The trial, expected to start early next year, will enroll 160 patients worldwide with inherited gene mutations that typically lead to Alzheimer's symptoms when they are as young as in their 30s, Washington University in St. Louis said on Wednesday in announcing the drugs' selection.
Drug studies over the past decade have tried and failed to slow progression of Alzheimer's among patients who already have dementia. The hope is that success in arresting symptoms in patients who are so highly predisposed to develop the disease will show the way to preventing Alzheimer's in a much wider population.
"We're going in with three different drugs, with three different mechanisms of action, to find out which works best," said Dr. Randall Bateman, a neurologist at the Washington University School of Medicine who will lead the trial.
Bateman, in a telephone interview, said about half the patients in the trial will have no symptoms at all when the study begins, while the rest will have very mild symptoms.
Dr.
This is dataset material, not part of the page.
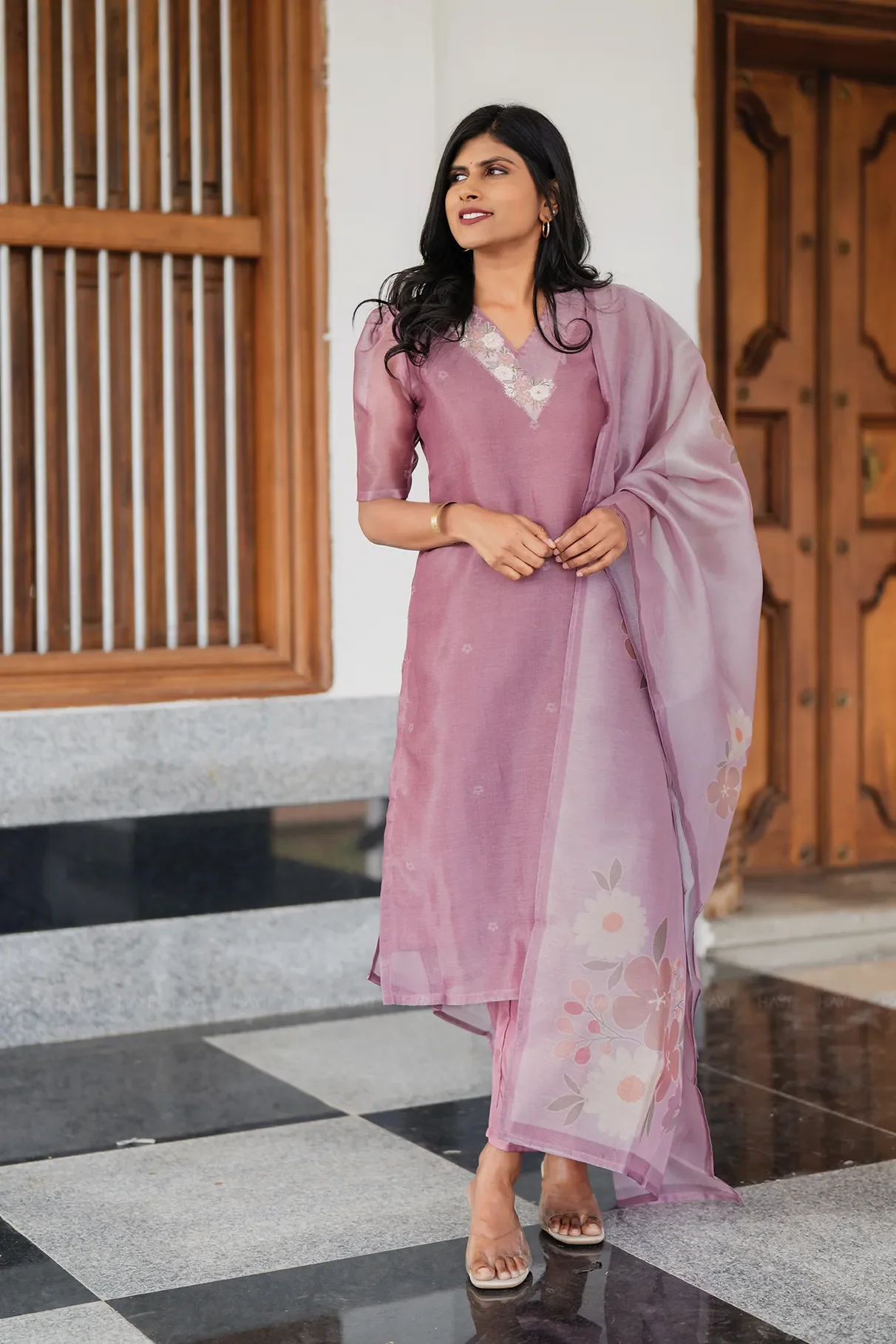 Pinkshift Shimmer 3 Piece Tissue Hand-Embroidered Kurta with Pant & Dupatta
James Galvin, a neurologist at New York University Langone Medical Center, said such a prevention trial involving people at high genetic risk of Alzheimer's disease would require relatively few patients and could produce results within a few years.
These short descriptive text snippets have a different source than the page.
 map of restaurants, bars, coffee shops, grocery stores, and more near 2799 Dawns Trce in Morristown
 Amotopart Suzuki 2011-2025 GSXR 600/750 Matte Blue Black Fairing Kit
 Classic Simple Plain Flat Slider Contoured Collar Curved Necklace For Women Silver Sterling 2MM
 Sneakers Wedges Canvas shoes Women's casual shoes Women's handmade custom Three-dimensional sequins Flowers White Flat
"Each family has a genetic mutation with a defined age of onset of disease, so you can start giving the drug a certain number of years before the predicted onset," Gavin said. "If they don't get the diseease by then, you've prevented it or delayed it."
By contrast, he said a prevention trial in the general population might need to last 20 years or longer "because you wouldn't know who will get the disease or be able to predict when."
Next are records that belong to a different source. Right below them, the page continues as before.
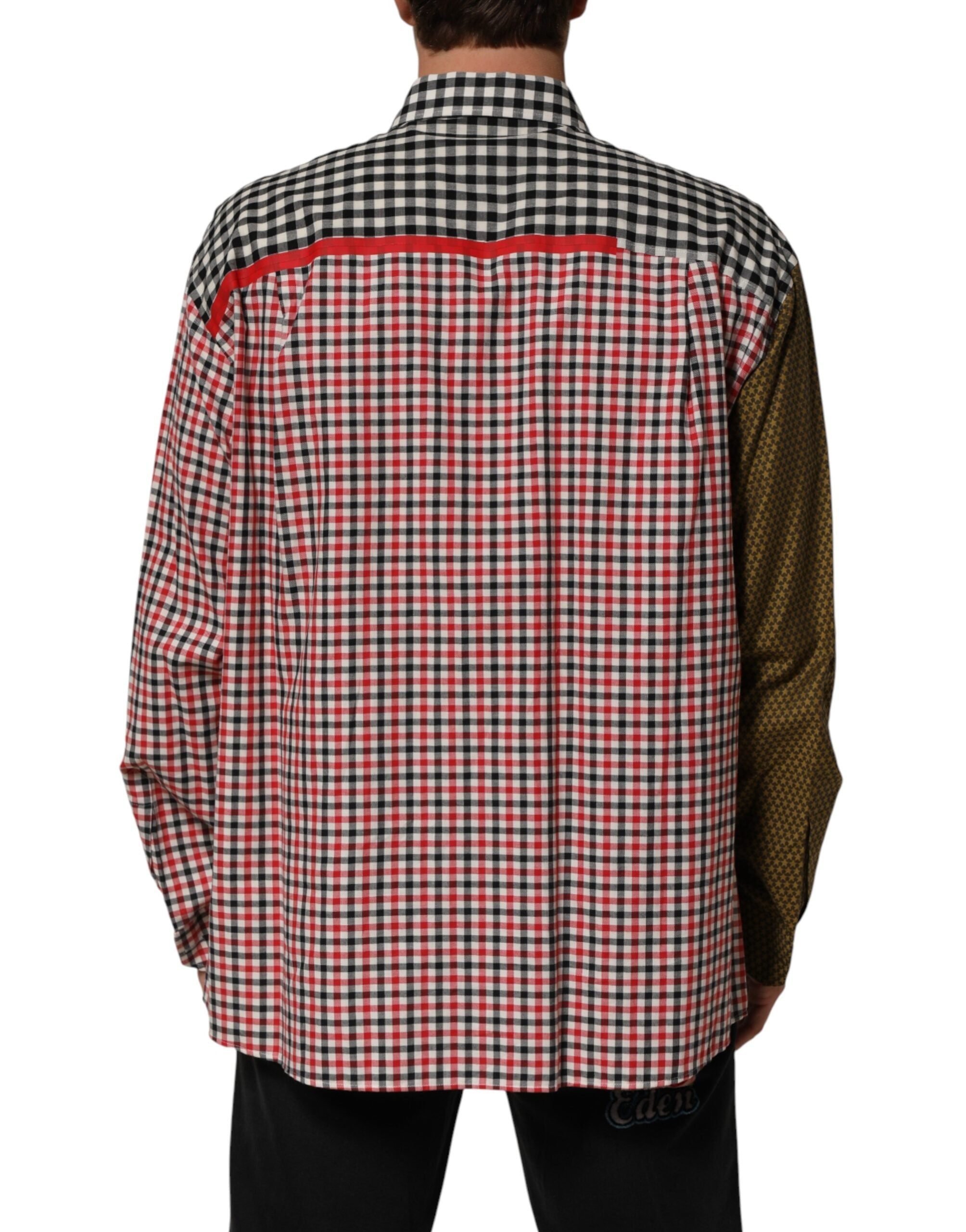 Dolce & Gabbana Multicolor Cotton Collared Checkered Shirt Dolce & Gabbana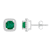 5mm Cushion Created Emerald And Created White Sapphire 10k White Gold
Halo Stud Earrings
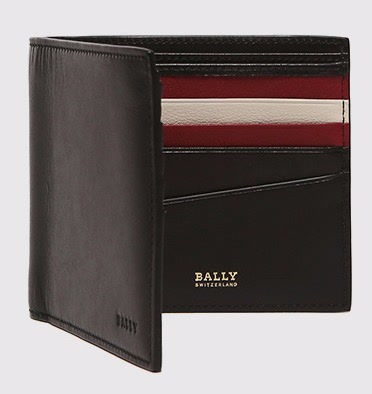bally 巴利 男士黑色牛皮短款对折钱包 teep 290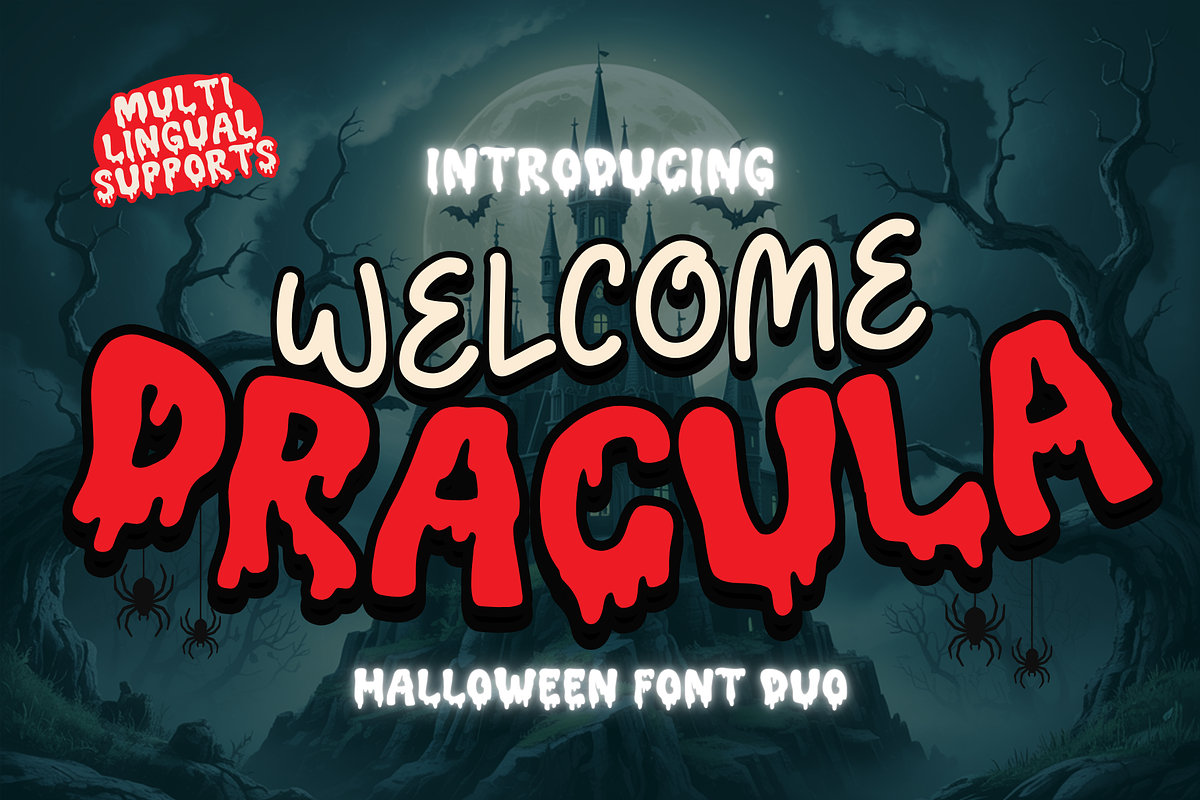 Welcome Dracula is a Halloween font, a Handwritten Font by Brown Cupple (Photo 1 of 12)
As many as 5 million people in the United States and 36 million globally are believed to have Alzheimer's, the most common form of dementia. The U.S. figure for people 65 or older may triple by 2050 as the population ages, according to the Alzheimer's Association.
The drugs chosen for the study are Roche's gantenerumab and Lilly's solanezumab. Also under consideration is a second experimental Lilly drug called a beta-secretase inhibitor, designed to reduce the beta amyloid proteins produced by the body and slow the accumulation of toxic brain plaques linked to Alzheimer's.
An experimental treatment from Pfizer Inc and Johnson & Johnson, called bapineuzumab, did not make the cut after data from two large trials presented over the summer showed it failed to help patients with mild to moderate symptoms.
MILD HOPE FOR LILLY DRUG
Researchers in August said Lilly's solanezumab also failed to prevent decline in cognitive and physical function among patients with mild to moderate Alzheimer's in two large late-stage studies. The drug, a monoclonal antibody similar to bapineuzumab, attacks beta amyloid.
But hopes for solanezumab were revived on Monday when Lilly said an analysis of pooled data from the two studies showed solanezumab led to a 34 percent reduction in memory decline for patients with mild symptoms over a period of 18 months. It said the change was statistically significant.
Wall Street analysts expect Lilly will seek marketing approval from the drug, but will likely need to first complete a large costly new trial among patients with mild symptoms to win over health regulators.
Roche began a late-stage study of gantenerumab in late 2010 for patients who have yet to develop dementia, and expects results in 2015. The Swiss drugmaker has high hopes for the drug because previous brain scan tests have shown it can reduce amyloid plaques in the brain.
Shares of Lilly, which had gained more than 7 percent since its latest solanezumab data were unveiled on Monday, fell 3 percent to close at $50.23 on Wednesday. Shares of Roche fell 1.2 percent amid a 0.8 percent decline in the ARCA Pharmaceutical Index of large U.S. and European drugmakers.
The new prevention trial will be led by the Dominantly Inherited Alzheimer's Network Trials Unit (DIAN TU) at Washington University in St Louis. The unit's work is supported by the DIAN, a federally funded collaboration of Alzheimer's research centers, the Alzheimer's Association and a consortium of 10 drugmakers.